A couple of etched rehandles as gifts for family members.

First is for my sister in green box elder burl.












I'll post the other one once it is complete.


----------



## icanhaschzbrgr (Dec 24, 2013)

Nice one!


----------



## knyfeknerd (Dec 24, 2013)

Nice Rick!
I wish I was your sister!

Well, not really, but kinda............................


----------



## Nmko (Dec 24, 2013)

Very nice Rick! Love the mosaic pin:thumbsup:


----------



## scotchef38 (Dec 24, 2013)

Nice work!


----------



## jai (Dec 24, 2013)

****.... that's awesome rick getting good at this man


----------



## icanhaschzbrgr (Dec 24, 2013)

damn, the more I look at this sexy little misono the more I want to buy one and rehandle it similar to this.
Really nice job Rick, your sister will love it!


----------



## Mucho Bocho (Dec 24, 2013)

Slick.

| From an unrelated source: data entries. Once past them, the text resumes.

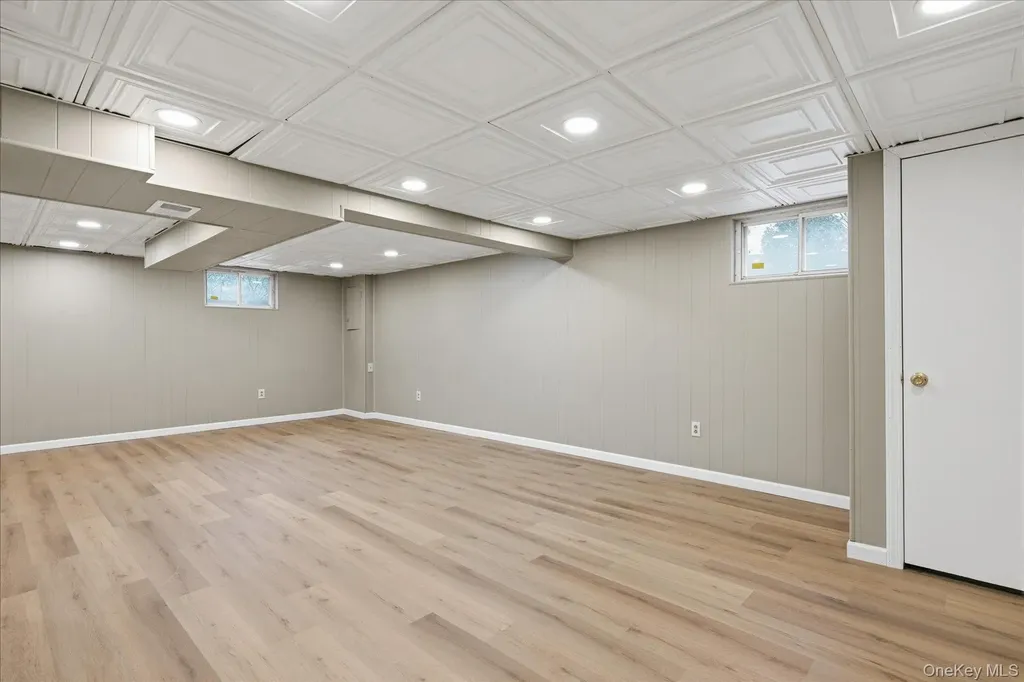 34 Park Circle W New Hyde Park NY 11040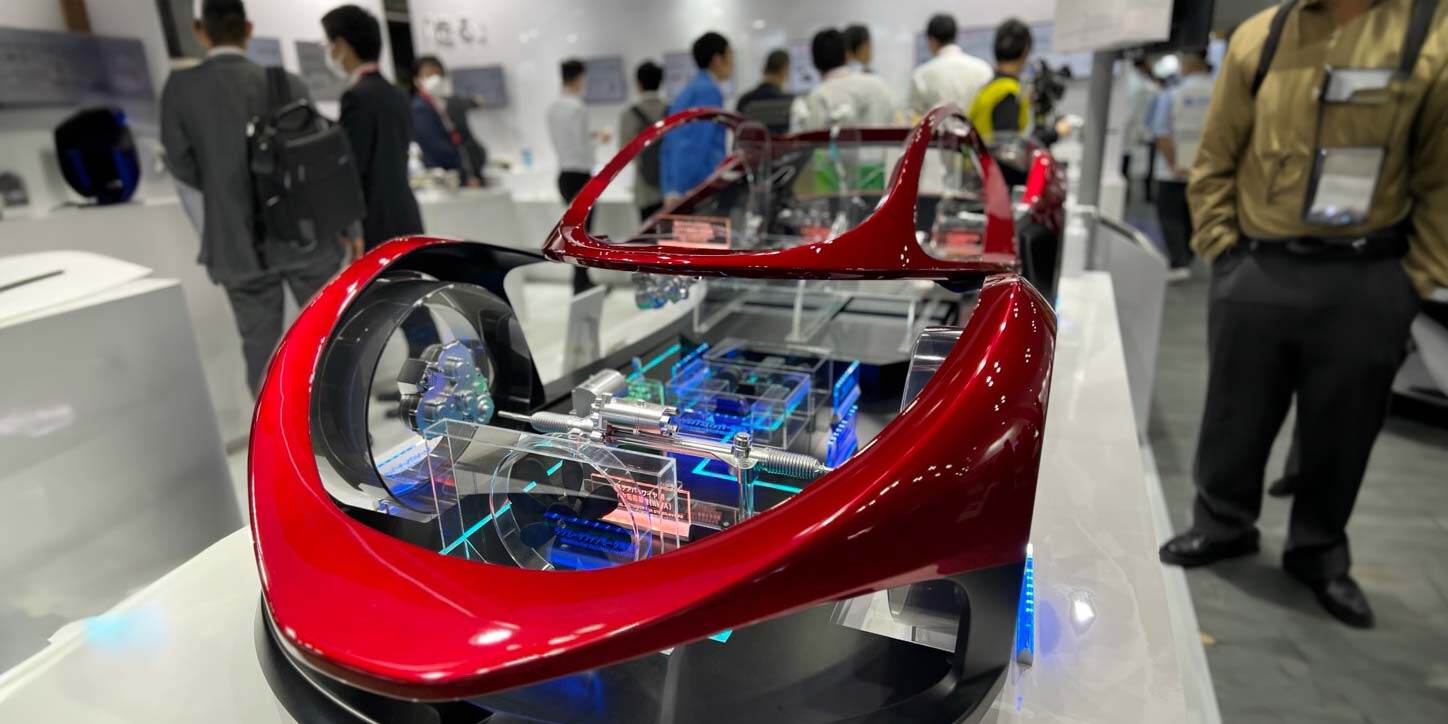 Stringoが日本の自動車展示イベントに、新製品の熱暴走対応4輪車両運搬機とS5を出展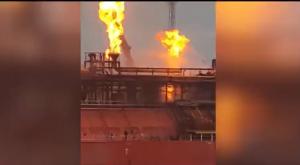 O navă încărcată cu GPL a luat foc în urma unui atac cu drone în Ucraina; autoritățile române au evacuat preventiv populația din Plauru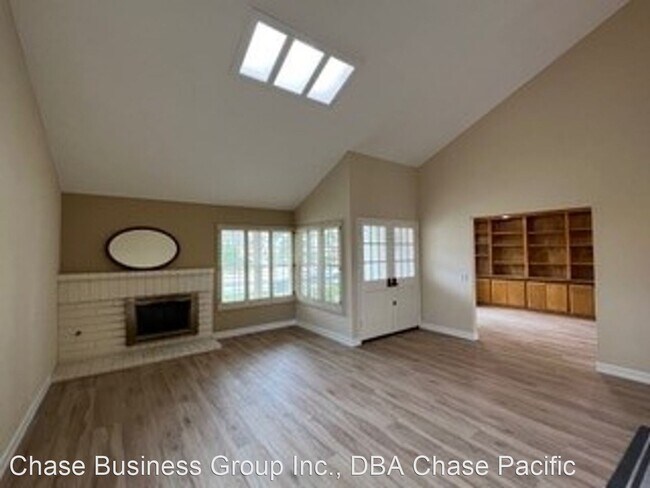 Building Photo - 3 br, 3 bath House - 126 E. Yale Loop #14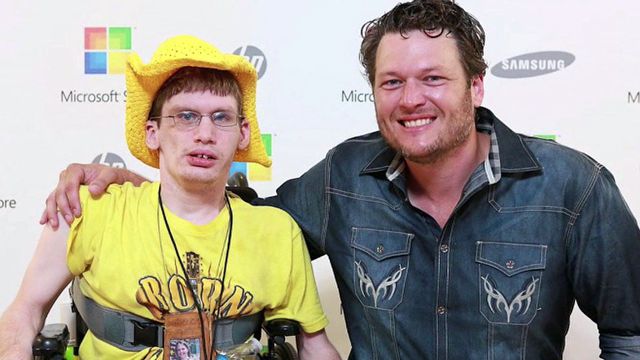 Dream comes true for disabled boy at Blake Shelton concert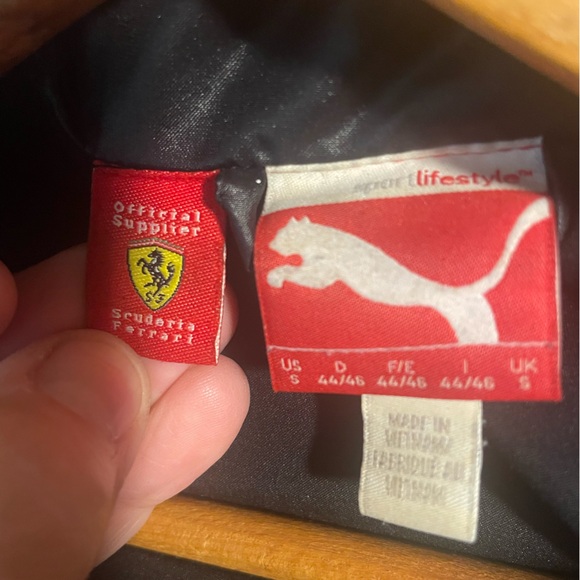 Vintage Puma Ferrari Black Puffer Jacket, Men’s S Unique - Picture 10 of 11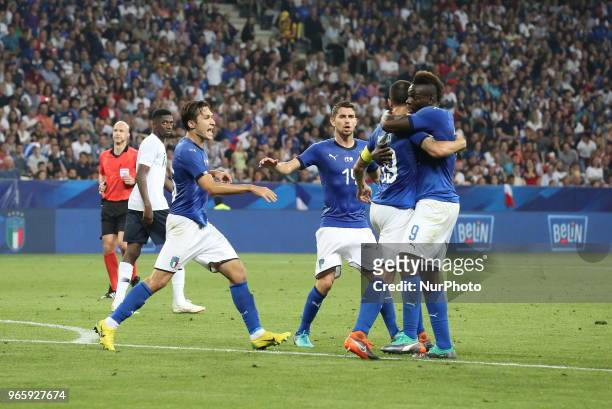 Leonardo Bonucci celebrates after scoring with teammates during the friendly football match between France and Italy at Allianz Riviera stadium on...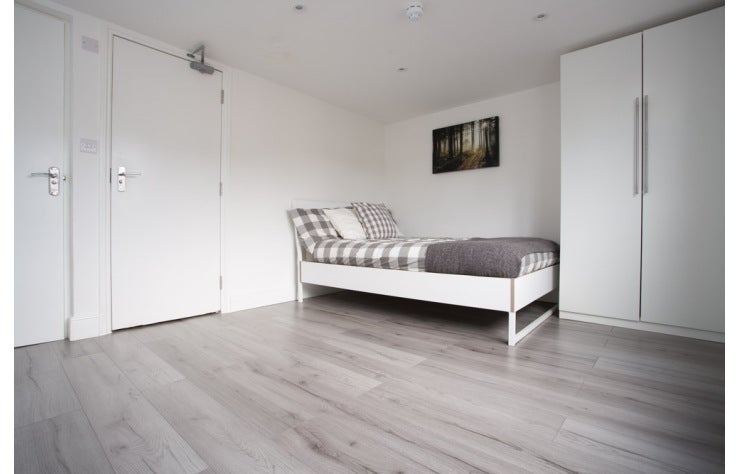 Flat Newington Butts in Greater London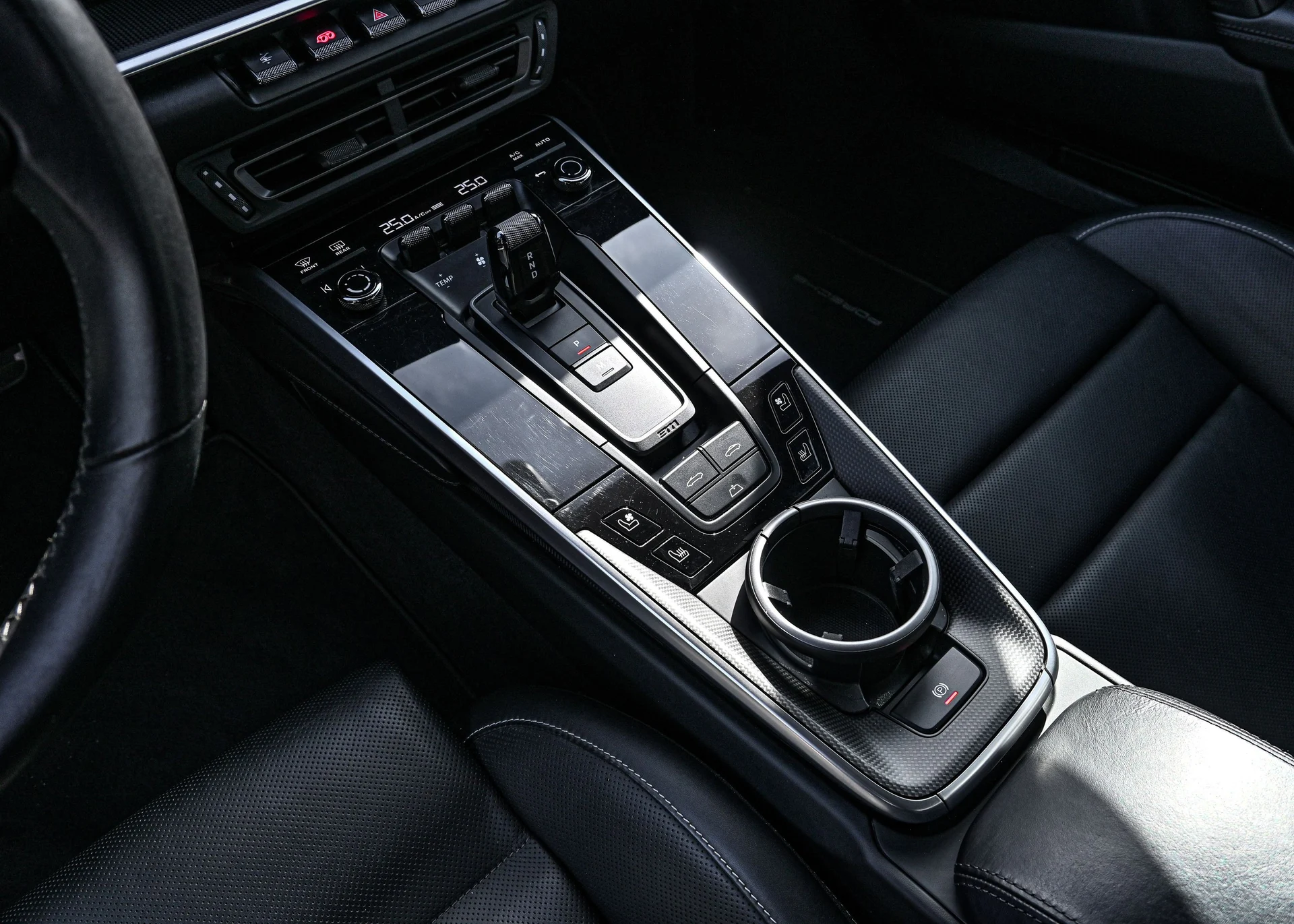 mph026_959724997_944b816f_6cd5_45f0_a20e_5b6e489d8346_c590ba87bc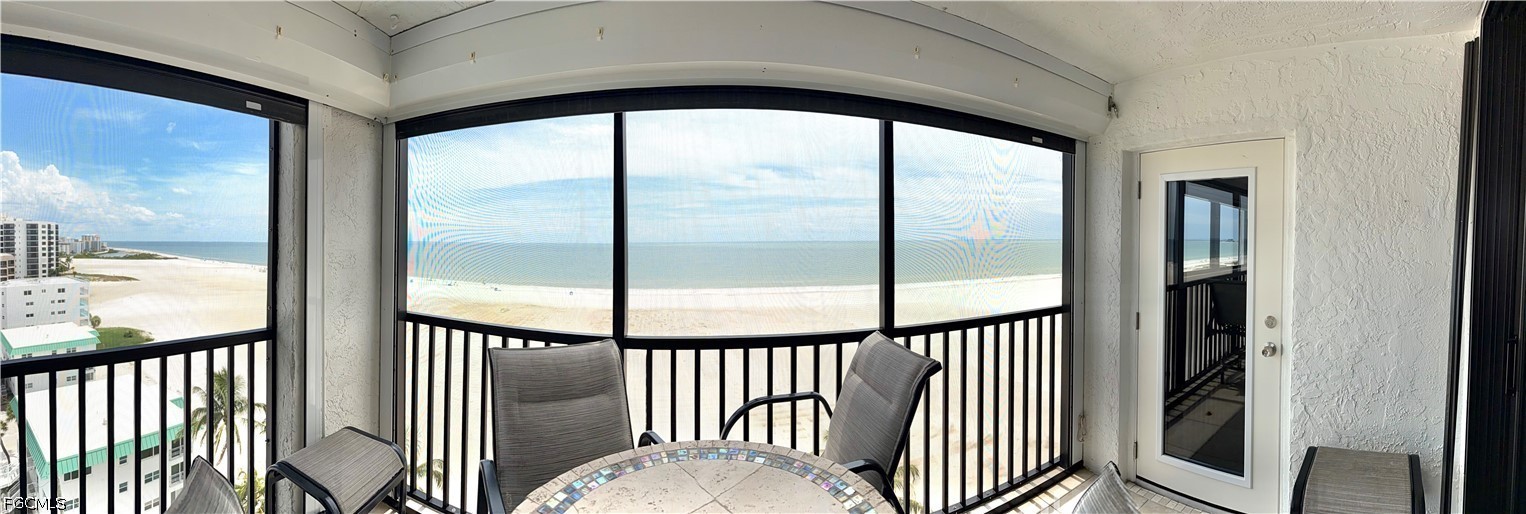 2 bed home in Fort Myers Beach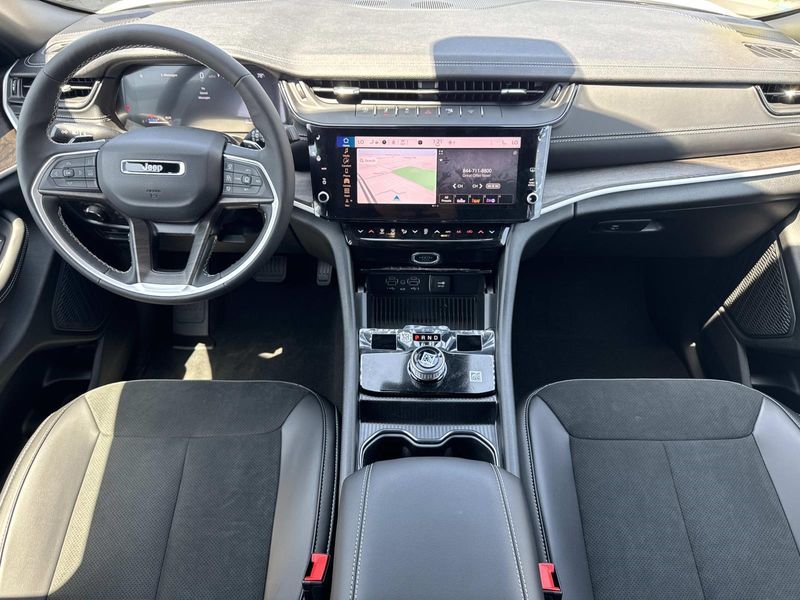 New 2026 Jeep Grand Cherokee Laredo Altitude 4x2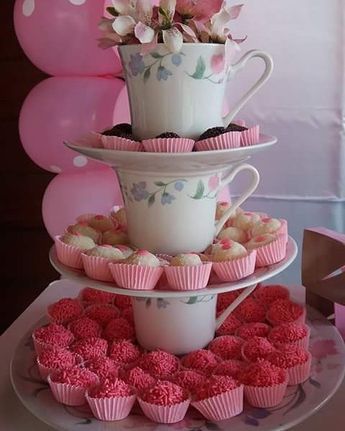 decoracao-cha-de-bebe-faca-voce-mesmo-suporte-docinhos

Rick!


----------



## Lefty (Dec 24, 2013)

Sex and sexy


----------



## ThEoRy (Dec 28, 2013)




----------



## jimbob (Dec 28, 2013)

Damn that girl got a booty! They have become super cool little knives rick, well done. I Could see those curves working well in hand....


----------



## crunchy (Dec 28, 2013)

jimbob said:


> Damn that girl got a booty! They have become super cool little knives rick, well done. I Could see those curves working well in hand....



yeah they do.

great looking knives!


----------